-------- Excerpted records

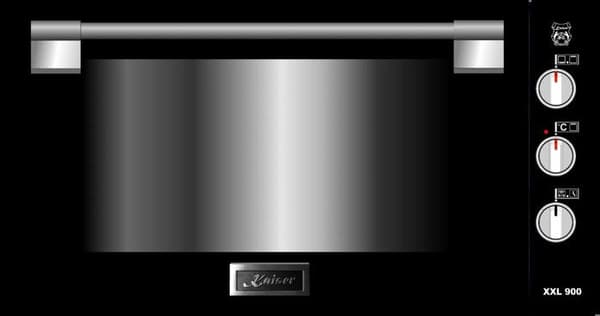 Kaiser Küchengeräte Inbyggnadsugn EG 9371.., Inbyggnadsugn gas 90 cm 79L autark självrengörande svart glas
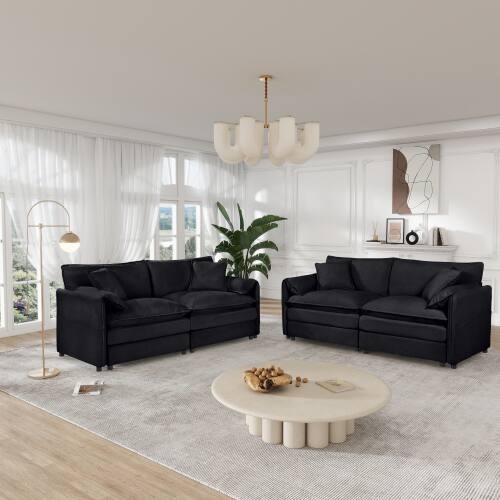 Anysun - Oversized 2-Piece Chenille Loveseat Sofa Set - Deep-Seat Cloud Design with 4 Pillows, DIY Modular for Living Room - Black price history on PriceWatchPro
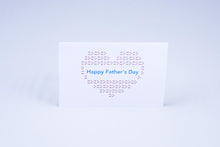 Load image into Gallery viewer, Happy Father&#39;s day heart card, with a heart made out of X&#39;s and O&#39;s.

----------------
-------- Excerpted records

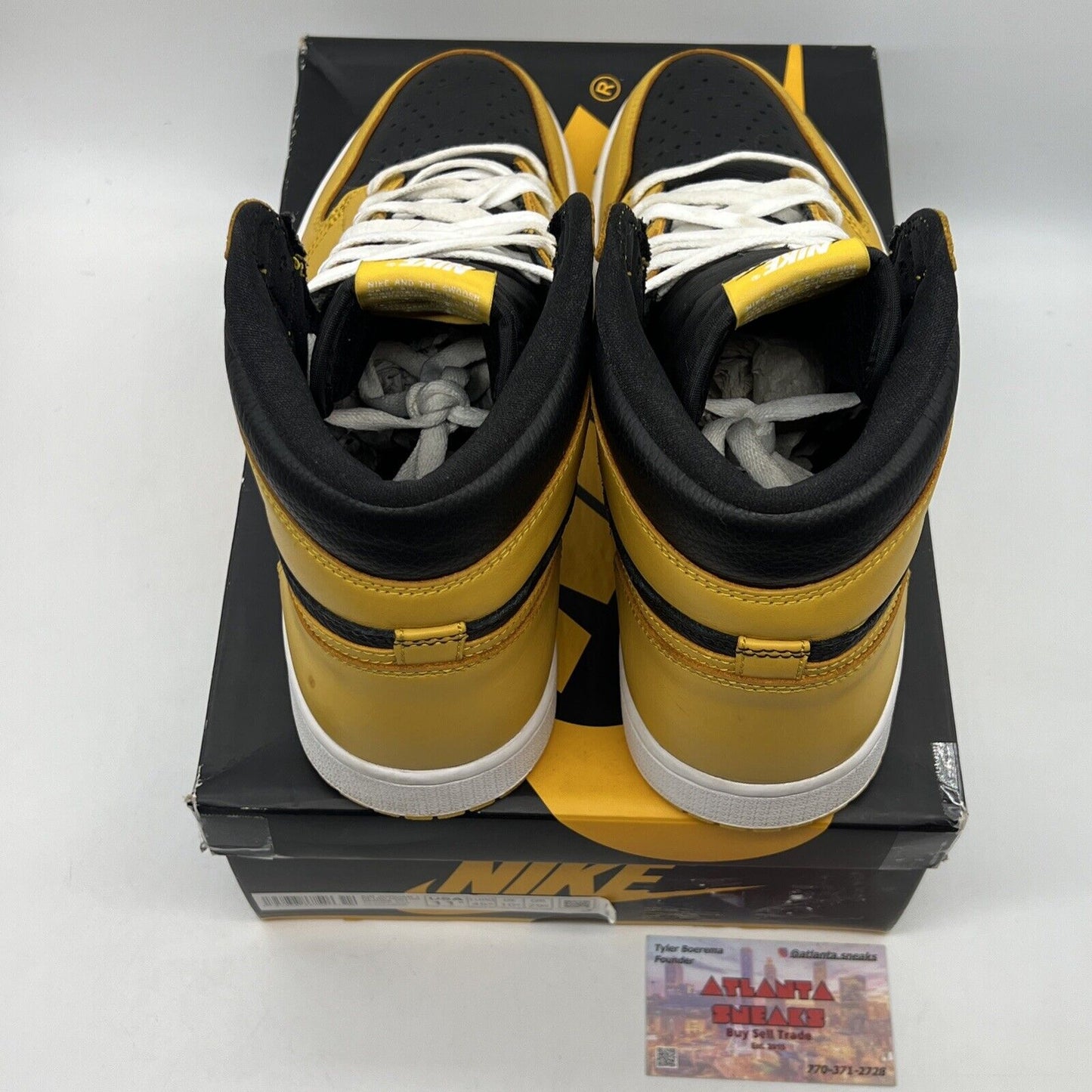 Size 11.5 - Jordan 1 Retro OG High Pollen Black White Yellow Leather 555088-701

----------------
-------- Excerpted records

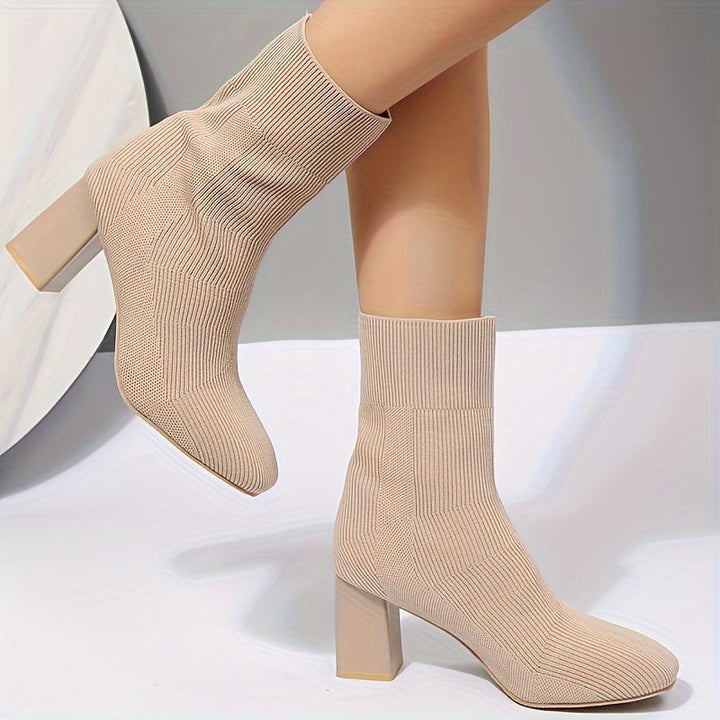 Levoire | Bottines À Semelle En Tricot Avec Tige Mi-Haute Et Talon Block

----------------

About this exercise » Working from the entries above, please transcribe only the lines from the line with "Anysun - Oversized" through the line with "Load image into", exactly, with both end lines and without pictures.

Task result »
 Anysun - Oversized 2-Piece Chenille Loveseat Sofa Set - Deep-Seat Cloud Design with 4 Pillows, DIY Modular for Living Room - Black price history on PriceWatchPro
 Load image into Gallery viewer, Happy Father&#39;s day heart card, with a heart made out of X&#39;s and O&#39;s.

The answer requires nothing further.